`vllm.inputs.llm` ¶

Schema and utilities for input prompts to the LLM API.

Classes:

DataPrompt –

Represents generic inputs that are converted to
EmbedsPrompt –

Schema for a prompt provided via token embeddings.
ExplicitEncoderDecoderPrompt –

Schema for a pair of encoder and decoder singleton prompts.
MultiModalDataBuiltins –

Type annotations for modality types predefined by vLLM.
TextPrompt –

Schema for a text prompt.
TokensPrompt –

Schema for a tokenized prompt.

Attributes:

DecoderOnlyPrompt (TypeAlias) –

Schema of a prompt for a decoder-only model:
DecoderPrompt (TypeAlias) –

Schema of a prompt for the decoder part of an encoder-decoder model:
EncoderDecoderPrompt (TypeAlias) –

Schema for a prompt for an encoder-decoder model.
EncoderPrompt (TypeAlias) –

Schema of a prompt for the encoder part of a encoder-decoder model:
ModalityData (TypeAlias) –

Either a single data item, or a list of data items.
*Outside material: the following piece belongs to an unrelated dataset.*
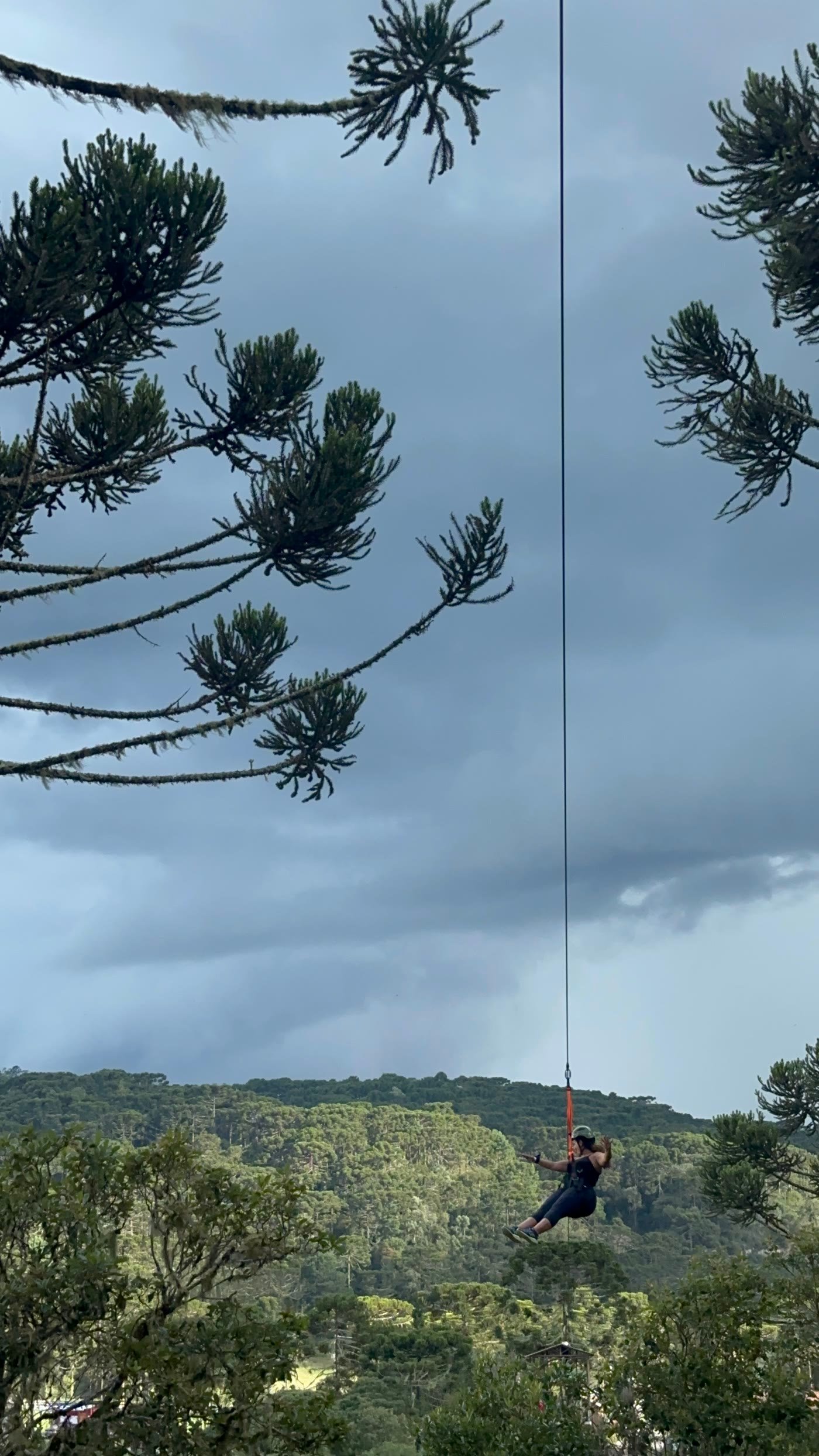 Pessoa suspensa no cabo da tirolesa, entre as copas das araucarias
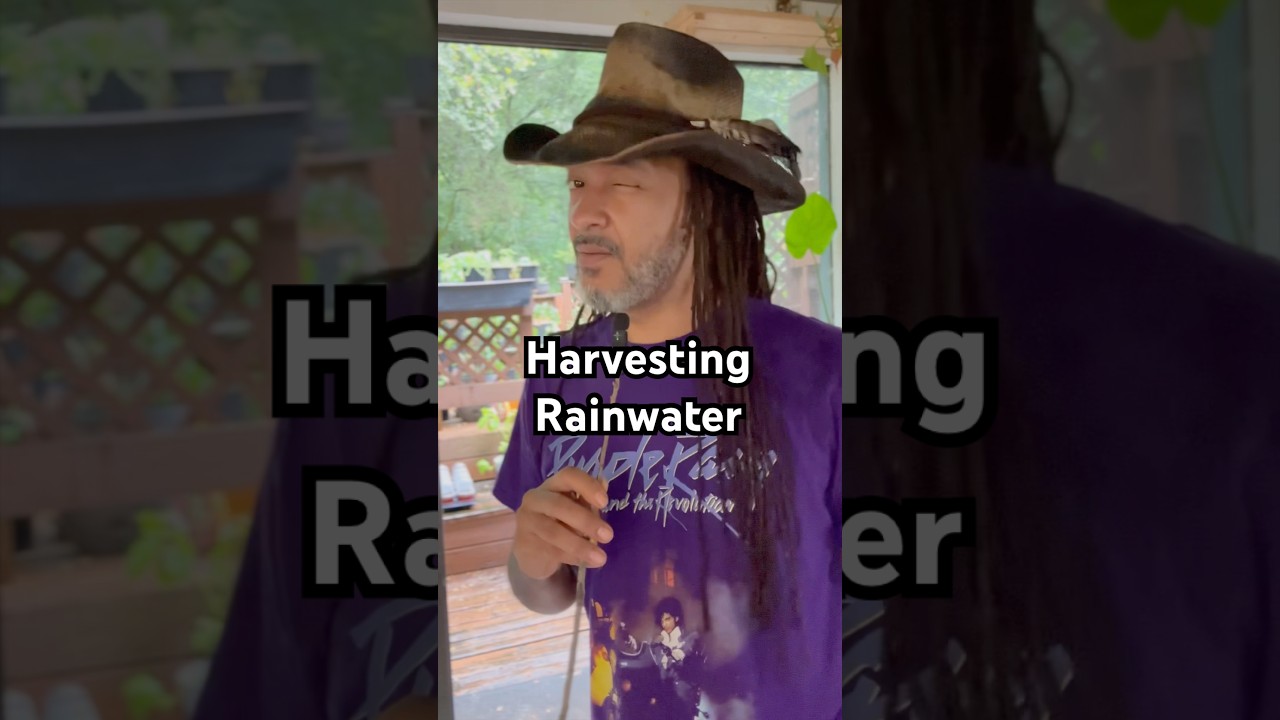 Why is Rainwater better?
Can only be None if UUID
MultiModalDataDict (TypeAlias) –

A dictionary containing an entry for each modality type to input.
MultiModalUUIDDict (TypeAlias) –

A dictionary containing user-provided UUIDs for items in each modality.
PromptType (TypeAlias) –

Schema for any prompt, regardless of model type.
SingletonPrompt (TypeAlias) –

Schema for a single prompt. This is as opposed to a data structure

`DecoderOnlyPrompt = str | TextPrompt | list[int] | TokensPrompt | EmbedsPrompt` `module-attribute` ¶

Schema of a prompt for a decoder-only model:

A text prompt (string or TextPrompt)
A tokenized prompt (list of token IDs, or TokensPrompt)
An embeddings prompt (EmbedsPrompt)

For encoder-decoder models, passing a singleton prompt is shorthand for passing ExplicitEncoderDecoderPrompt(encoder_prompt=prompt, decoder_prompt=None).

`DecoderPrompt = str | TextPrompt | list[int] | TokensPrompt` `module-attribute` ¶

Schema of a prompt for the decoder part of an encoder-decoder model:

A text prompt (string or TextPrompt)
A tokenized prompt (list of token IDs, or TokensPrompt)

Note

Multi-modal inputs are not supported for decoder prompts.

`EncoderDecoderPrompt = EncoderPrompt | ExplicitEncoderDecoderPrompt` `module-attribute` ¶

Schema for a prompt for an encoder-decoder model.

You can pass a singleton encoder prompt, in which case the decoder prompt is considered to be None (i.e., infer automatically).

`EncoderPrompt = str | TextPrompt | list[int] | TokensPrompt` `module-attribute` ¶

Schema of a prompt for the encoder part of a encoder-decoder model:

A text prompt (string or TextPrompt)
A tokenized prompt (list of token IDs, or TokensPrompt)

`ModalityData = _T | list[_T | None] | None` `module-attribute` ¶

Either a single data item, or a list of data items. Can only be None if UUID is provided.

The number of data items allowed per modality is restricted by --limit-mm-per-prompt.

`MultiModalDataDict = Mapping[str, ModalityData[Any]]` `module-attribute` ¶

A dictionary containing an entry for each modality type to input.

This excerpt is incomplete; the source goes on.